Vuk Jeremic told state television late Tuesday that Serbia will sue Croatia over a 1995 offensive that sent tens of thousands of Serbs fleeing the country.
The Netherlands-based International Court of Justice (ICJ) on Tuesday granted Croatia the right to sue Serbia, deciding it has the authority to rule in the case.
Croatia argues that Serb attacks during the 1991-95 war of independence, which left thousands of people dead and displaced, were a form of genocide.
The dispute has brought relations between the two former Yugoslav republics to their lowest point since the wars of the 1990s. Serbia-Croatia ties are crucial for the stability of the Balkans, which is still healing from the bloodletting.

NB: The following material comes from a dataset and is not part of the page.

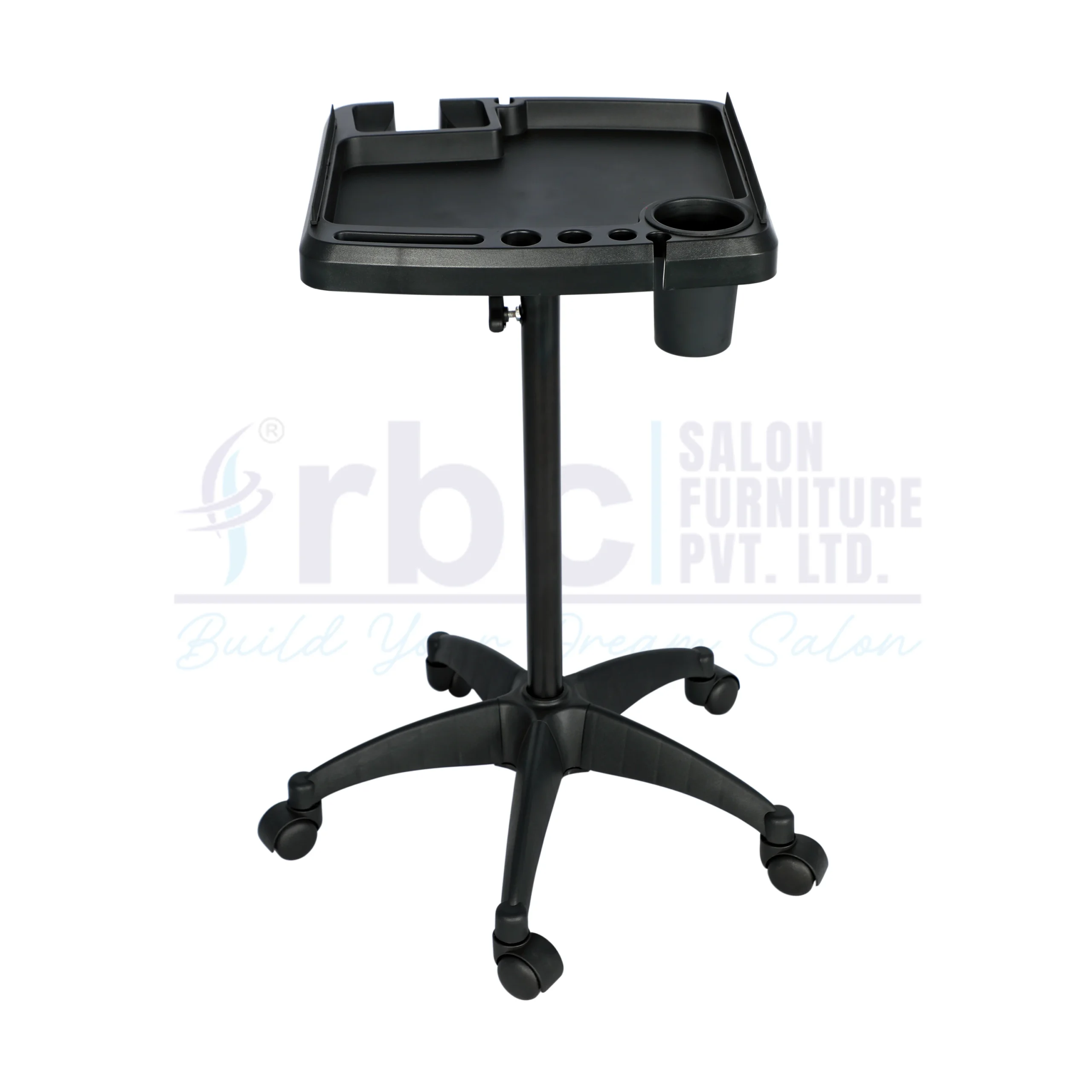 RBC 72 Black Height Adjustable Salon Service Tray Stand with Hair Dryer Holder and 5 Star Base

The conflict erupted when Croatia declared independence from the former Yugoslavia triggering a rebellion by minority Serbs who — backed by Serbia — formed their own mini-state.
About 10,000 people are believed to have been killed in the Croatian war. The conflict ended after Zagreb retook the Serb-held territories in 1995.
Zagreb wants the ICJ to order Belgrade to pay compensation for the war. Croatia also asked the court to order Serbia to help trace people missing from the war and return cultural items plundered during the fighting.
Serbia will seek to prove that Croatia committed war crimes when it expelled its Serb population. The Serbian suit also will touch on the atrocities by Croatia’s Nazi puppet state against Serbs during World War II, Jeremic said.
“Croatia has rejected our offer of reconciliation and efforts to leave the past behind,” he said. “We will now turn to history to determine the truth so we can have a joint future in the European Union.”
This is the second time that Serbia will face allegations of genocide before the ICJ. In February 2007, the U.N. judges exonerated Serbia of direct responsibility for genocide in Bosnia in the early 1990s, but ruled that it failed to prevent the 1995 slaughter of 8,000 Bosnian Muslims at Srebrenica.